Options weighed, he didn’t insist, and she finally shifted sideways in her seat, pulled up one knee, and propped her elbow on the seat back. Her hair blew into her face when she turned to face him, and she gathered up the wavy brown strands in one hand. “Listen. I’m sorry Charlie involved you in this. Once we get to Dallas, I can rent a car and you can get back to your life. Just please don’t go to the cops. Not yet. Not until this is over. I don’t want anything to happen to Finn.”
Harry nodded, pretended to consider her offer when what he was most interested in was the self-confidence implied in her willingness to write off his help. “So the guy you were with
is
your brother.”
“Yeah,” she said, her voice breaking softly. “My baby brother. I don’t know what I’d do if anything happened to him.”
An ace to store up his sleeve. “Then we’ll have to make sure nothing does.”
“Listen—” she started again, paused, shook her head. “I’m sorry. I don’t even know your name.”
“Harry.”
“Harry, thanks.
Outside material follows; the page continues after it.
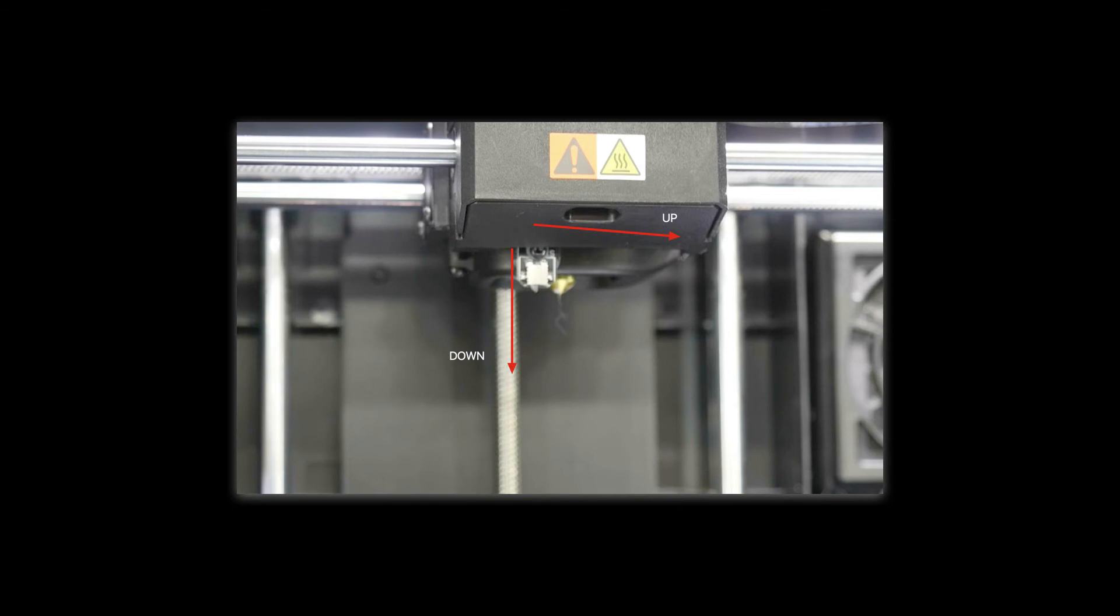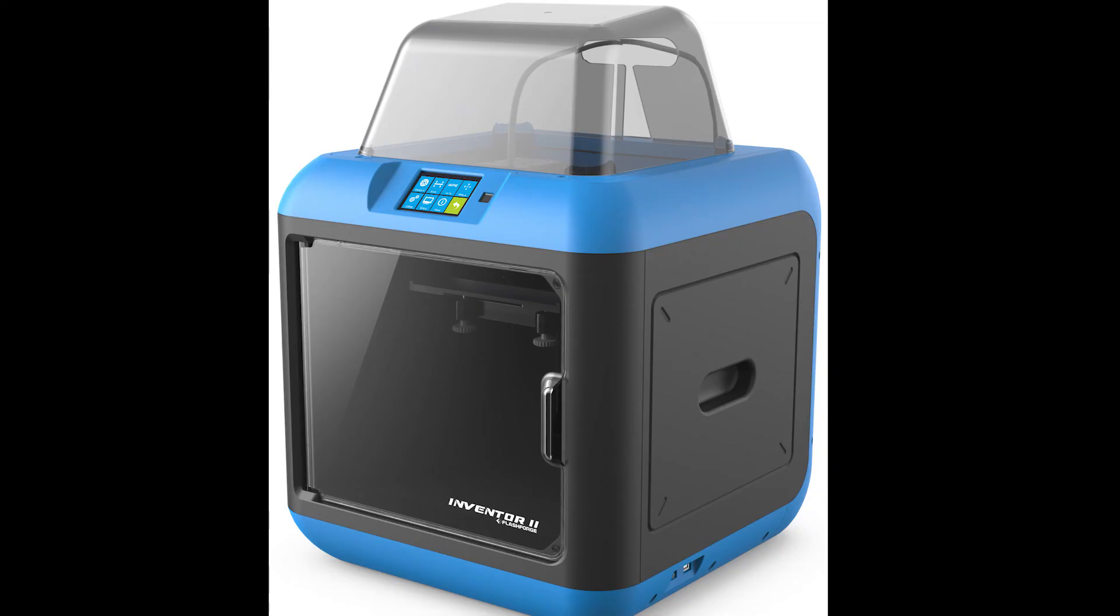The issue we see with the Inventor 2s is that sometimes the servo gets lazy and it won't retract far enough up into the printer, and then when the print is starting it'll knock the front of the plate and it'll actually damage the printer so it'll break the switch. So keeping an eye on this over time will mean that that won't happen to you.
I’m Georgia, which obviously you know.” She waved a hand. “That Mr. van Zandt thing sounded too much like you’re somebody’s grandfather.”
“Nah.” He liked her attitude. “I just drive somebody’s grandfather’s car.”
“Yeah, Finn noticed it earlier when we passed you.” She turned her attention back to the road ahead. “I cannot believe this is happening. I told him we should eat before we left Waco so we wouldn’t have to stop once we were on the road.”
“If this Castro was following you, he would’ve caught up with you sooner or later. Right?” Something else to look into. Where had Castro come from? How had he found Georgia? Who was he working for? “At least this way there wasn’t a crowd around to suffer a lot of collateral damage.”
She glanced over. He caught her frown from the corner of his eye. “Collateral damage. That’s something I’d expect to hear from a news junkie or military type.”
Point to the lady. “How ’bout both?”
“In this situation?” She blew out a heavy breath. “The latter would do me a lot more good than the first.”
“Then you might not want to cut me loose when we get to Dallas.”
“Why not?” she asked, looking back.
He leaned across the seat to open the glove box, brushing her knee when he straightened, his own auction invitation in hand. “I hesitated saying anything in case we had some friendly competition happening here, but we’re going the same way.”
“You’re kidding me, right?” She grabbed the card from his hand. “You’re not kidding me.”
“Not kidding at all. There’s a ’48 Jaguar Roadster I’ve got my eye on.”
“I know that car. I know the money that car’s going to bring.” She snorted. “Charlie should’ve sent
you
after the file he wants. I sure don’t have the money it’ll take to walk out of the auction with it.”
Meaning she had never intended to bid on the file in the first place. “You have an alternative solution in mind?”
A humorless snort. “Nothing I want to share with a military type.”
“Ex-military.”
“Semantics.”
He let that go, thought about her father’s history in the service before going to work for TotalSky, wondered if she was doing the same. “So, these documents. They’re important to you personally?”
She slouched down in the seat, thought about propping her feet on the dash. He could tell that because he could tell when she changed her mind. She made a fidgety movement before planting her boots flat on the floorboard.
Head back, she cast a quick glance to the side. And just when he’d decided she wasn’t going to answer, she said, “More important than you can possibly know.”